Research summary

Carcinogens induce growth inhibition of normal cells, whereas initiated cells and preneoplastic lesions escape this effect and thus achieve a growth advantage. A model predicts that DNA-damaging carcinogens inhibit proliferation through induction of p53 and subsequently p21CIP.

In previous research we have found that carcinogen exposure inhibits Erk1/2 nuclear translocation, but not phosphorylation. In addition, Cdk2 and Cdk4 became cytoplasmically arrested in carcinogen-exposed hepatocytes. Since p21CIP binding to Cdk2 and Cdk4 complexes were not increased, we hypo-thesized that p53 induction was not the mechanism of carcinogen mitoinhibition.

To further clarify these mechanisms we seeked a closer knowledge of the intracellular signalling transforming growth factor binding in the plasma membrane to transcript-tional activation initiating DNA synthesis.

We currently complete several studies:

• A manuscript showing that nuclear translocation of Erk1/2 is accomplished by MEK1, whereas MEK2 promotes cytoplasmic retention, has been submitted. Phosphorylations of MEK1 S292/S298 induce the release Erl1/2 from MEK1, and thus nuclear translocation. This phosphorylation depends upon Rac1-activation; probably reflecting integrin signalling.
• We now publish that p53 is growth factor induced, and plays an important role inthe proliferation of normal hepatocytes. When p53 induction is inhibited, the cellsbecome growth arrested, and Cdk2 and Cdk4 remain cytoplasmically arrested.
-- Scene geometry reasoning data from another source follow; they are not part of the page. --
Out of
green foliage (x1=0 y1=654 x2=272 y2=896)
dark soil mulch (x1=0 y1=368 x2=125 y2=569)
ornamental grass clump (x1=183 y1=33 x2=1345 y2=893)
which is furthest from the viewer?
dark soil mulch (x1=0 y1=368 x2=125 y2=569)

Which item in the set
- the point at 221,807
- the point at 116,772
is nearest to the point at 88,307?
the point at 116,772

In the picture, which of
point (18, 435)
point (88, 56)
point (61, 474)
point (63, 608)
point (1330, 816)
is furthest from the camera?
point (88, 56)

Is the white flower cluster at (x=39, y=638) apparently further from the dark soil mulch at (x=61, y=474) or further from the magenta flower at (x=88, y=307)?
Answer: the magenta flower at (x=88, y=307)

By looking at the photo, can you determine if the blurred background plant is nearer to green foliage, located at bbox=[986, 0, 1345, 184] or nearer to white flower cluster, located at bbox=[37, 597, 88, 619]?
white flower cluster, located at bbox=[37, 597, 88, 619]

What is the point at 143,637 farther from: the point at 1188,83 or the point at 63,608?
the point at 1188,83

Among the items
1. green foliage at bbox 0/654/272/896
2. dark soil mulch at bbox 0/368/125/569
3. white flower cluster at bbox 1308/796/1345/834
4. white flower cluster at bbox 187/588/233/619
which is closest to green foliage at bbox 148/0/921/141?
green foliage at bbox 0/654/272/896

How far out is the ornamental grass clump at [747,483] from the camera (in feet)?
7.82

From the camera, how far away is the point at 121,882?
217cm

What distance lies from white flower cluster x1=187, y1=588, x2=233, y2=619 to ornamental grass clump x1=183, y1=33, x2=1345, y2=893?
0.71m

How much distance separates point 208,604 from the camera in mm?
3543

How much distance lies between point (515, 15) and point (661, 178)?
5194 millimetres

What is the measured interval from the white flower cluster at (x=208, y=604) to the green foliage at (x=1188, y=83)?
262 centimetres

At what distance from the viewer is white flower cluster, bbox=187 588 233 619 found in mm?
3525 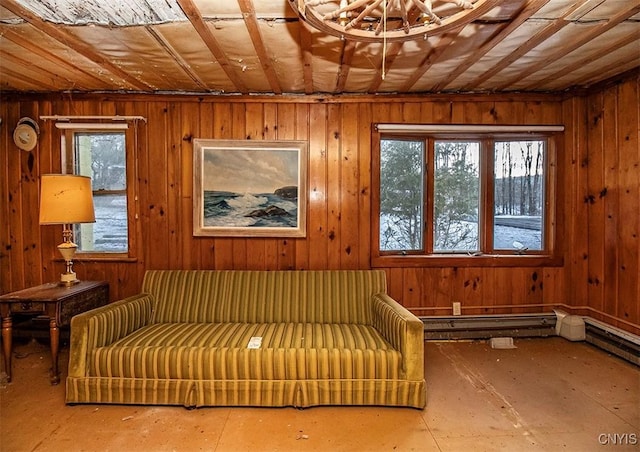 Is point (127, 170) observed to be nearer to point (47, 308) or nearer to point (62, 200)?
point (62, 200)

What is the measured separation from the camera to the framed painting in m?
3.18

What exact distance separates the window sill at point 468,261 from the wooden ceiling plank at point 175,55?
217 cm

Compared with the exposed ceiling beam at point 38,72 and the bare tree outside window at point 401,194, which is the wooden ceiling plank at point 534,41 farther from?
the exposed ceiling beam at point 38,72

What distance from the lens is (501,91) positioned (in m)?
3.20

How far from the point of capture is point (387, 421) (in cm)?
204

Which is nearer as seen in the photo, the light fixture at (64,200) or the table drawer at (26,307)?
the table drawer at (26,307)

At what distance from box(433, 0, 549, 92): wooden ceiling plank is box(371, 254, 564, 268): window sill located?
5.12 ft

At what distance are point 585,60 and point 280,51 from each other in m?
2.22

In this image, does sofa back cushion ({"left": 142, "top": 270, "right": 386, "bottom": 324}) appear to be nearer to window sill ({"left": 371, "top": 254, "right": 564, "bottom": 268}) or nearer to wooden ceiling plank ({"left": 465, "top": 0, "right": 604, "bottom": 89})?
window sill ({"left": 371, "top": 254, "right": 564, "bottom": 268})

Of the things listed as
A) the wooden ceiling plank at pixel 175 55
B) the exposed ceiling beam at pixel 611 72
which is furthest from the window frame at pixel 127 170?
the exposed ceiling beam at pixel 611 72

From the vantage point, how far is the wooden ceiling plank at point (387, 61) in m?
2.24

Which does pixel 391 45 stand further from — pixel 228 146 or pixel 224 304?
pixel 224 304

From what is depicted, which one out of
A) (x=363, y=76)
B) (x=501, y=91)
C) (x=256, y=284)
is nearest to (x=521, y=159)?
(x=501, y=91)

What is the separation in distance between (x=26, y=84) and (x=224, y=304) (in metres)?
2.55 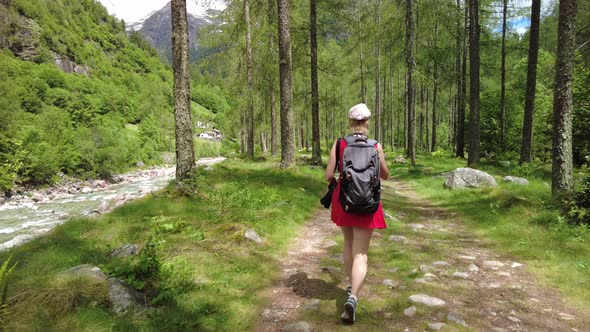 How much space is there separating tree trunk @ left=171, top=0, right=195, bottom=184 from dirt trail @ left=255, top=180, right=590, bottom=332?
11.9 feet

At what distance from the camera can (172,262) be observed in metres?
4.50

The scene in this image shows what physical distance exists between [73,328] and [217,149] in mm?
87739

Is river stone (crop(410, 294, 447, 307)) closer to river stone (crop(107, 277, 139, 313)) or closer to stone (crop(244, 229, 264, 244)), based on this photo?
stone (crop(244, 229, 264, 244))

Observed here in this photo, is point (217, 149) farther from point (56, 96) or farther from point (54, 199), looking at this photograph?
point (54, 199)

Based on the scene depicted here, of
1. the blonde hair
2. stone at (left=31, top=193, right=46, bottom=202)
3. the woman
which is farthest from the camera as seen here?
stone at (left=31, top=193, right=46, bottom=202)

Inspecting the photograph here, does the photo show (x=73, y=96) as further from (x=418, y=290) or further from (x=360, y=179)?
(x=418, y=290)

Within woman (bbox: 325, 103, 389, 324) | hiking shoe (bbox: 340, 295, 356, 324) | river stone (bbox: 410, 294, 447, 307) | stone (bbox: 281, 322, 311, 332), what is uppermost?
woman (bbox: 325, 103, 389, 324)

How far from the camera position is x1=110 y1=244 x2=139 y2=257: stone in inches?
185

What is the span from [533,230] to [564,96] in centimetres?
323

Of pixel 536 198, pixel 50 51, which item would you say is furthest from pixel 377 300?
pixel 50 51

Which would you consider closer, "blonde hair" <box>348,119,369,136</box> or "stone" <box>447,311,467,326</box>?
"stone" <box>447,311,467,326</box>

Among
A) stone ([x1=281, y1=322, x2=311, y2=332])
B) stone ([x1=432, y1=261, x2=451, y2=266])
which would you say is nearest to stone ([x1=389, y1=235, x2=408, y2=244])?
stone ([x1=432, y1=261, x2=451, y2=266])

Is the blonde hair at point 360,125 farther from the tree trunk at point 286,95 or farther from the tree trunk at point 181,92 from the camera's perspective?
the tree trunk at point 286,95

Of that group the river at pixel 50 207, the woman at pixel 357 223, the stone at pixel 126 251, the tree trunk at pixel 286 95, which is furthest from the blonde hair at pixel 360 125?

These effects are counteracted by ectopic expression of p21CIP, which may provide a piggy-backing NLS signal to G1 Cdk complexes.
• Furthermore, we have submitted a manuscript showing that Cdk4 activation is necessary for subsequent Cdk2 nuclear translocation and proliferation.
• We currently publish that H-Ras and K-Ras are differentially involved in growth factor signalling of hepatocytes. Whereas H-Ras activates Erk1/2 and PI3K, thus promoting both proliferation and survival, K-Ras activation promotes survival through PI3K activation.
• Based on a grant from the Research Council of Norway we have initiated a study on the mechanisms of non-dioxin-like PCB toxicity. Initial studies show that PCB153 enhances the EGF-induced proliferation, possibly through shortened G1 phase. Involved mechanisms will be investigated in further studies.
• Two PhD students are in the final stages of their doctoral projects, and submitted their theses early 2007.
• Based on a grant from the Research Council of Norway, a confocal microscope configured for live cell imaging has been installed. The microscope has been made available for scientists at Gaustad campus through our core facility.